The 5 bad behaviors derailing your retirement

More than half of Americans are worried about running out of money when they retire, yet a staggering 80 percent don’t have the knowledge they need to successfully build a nest egg, according to The American College 2014 Retirement Income Survey. Yet by changing just five basic behaviors, Americans can improve their saving habits – and their financial security throughout retirement.

  1. Underestimating life expectancy

A study by the Society of Actuaries found that more than half of Americans underestimate how long they’ll live – and how long their savings will need to last. Better health care and increased life expectancy mean you may live 20 years, 30 or even longer. This means it’s not only important to save for retirement, but to understand how to make your savings last throughout your lifetime.

  1. Procrastinating 

When you’re wrestling with everyday financial commitments, it can be tempting to put off. In fact, 53 percent of workers polled by the Employee Benefit Research Institute cite cost of living and day-to-day expenses as the top reasons why they don’t save for retirement. Yet starting early with just nominal monthly contributions can help build your nest egg.

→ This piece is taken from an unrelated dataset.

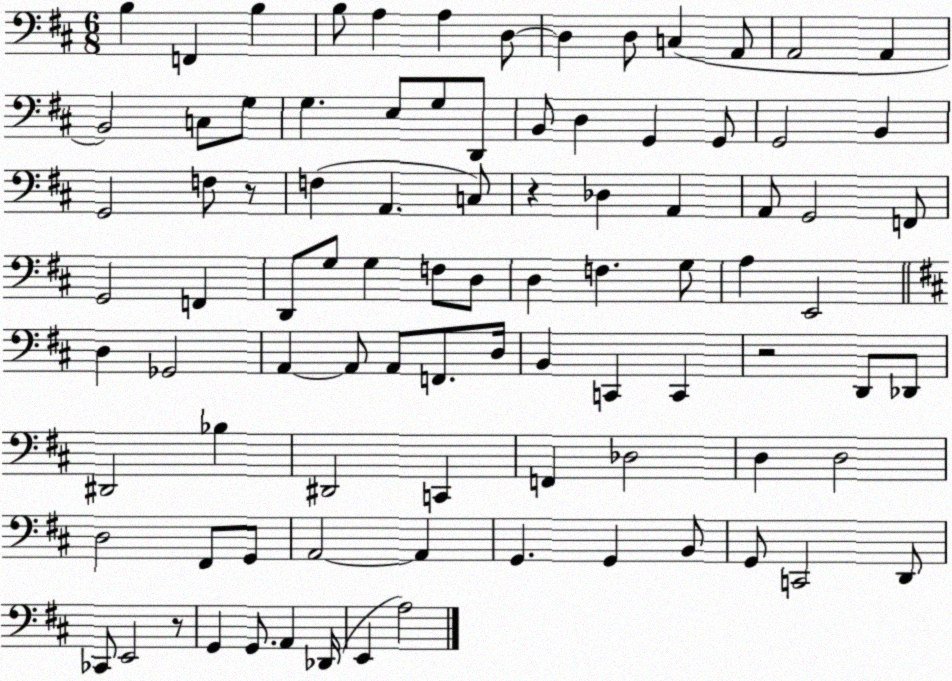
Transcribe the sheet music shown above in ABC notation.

  1. Failing to expect – and prepare for – the worst

Job loss, illness, accident, the death of a spouse – many things can impact your ability to save. While it’s human nature to hope nothing bad will happen, it’s important to be realistic when planning for retirement. Hope for the best, but plan for the unexpected.

  1. Following others

Human beings are very social; if you see other people doing something, you want to follow. But sometimes “following the pack” in financial decisions can get you in trouble. Resist the temptation to “keep up with the Joneses.” Buy what you can afford. Staying on track for retirement often means resisting peer pressure.

  1. Impulse buying 

Human brains are hard-wired to live in the moment. An “I want it now” approach could lead you to have trouble putting money away for tomorrow. An occasional splurge may be OK, but don’t get yourself into a spot where you think you have to tap into your retirement savings to fund impulse purchases. Dipping into your retirement savings can be devastating to your long-term financial goals.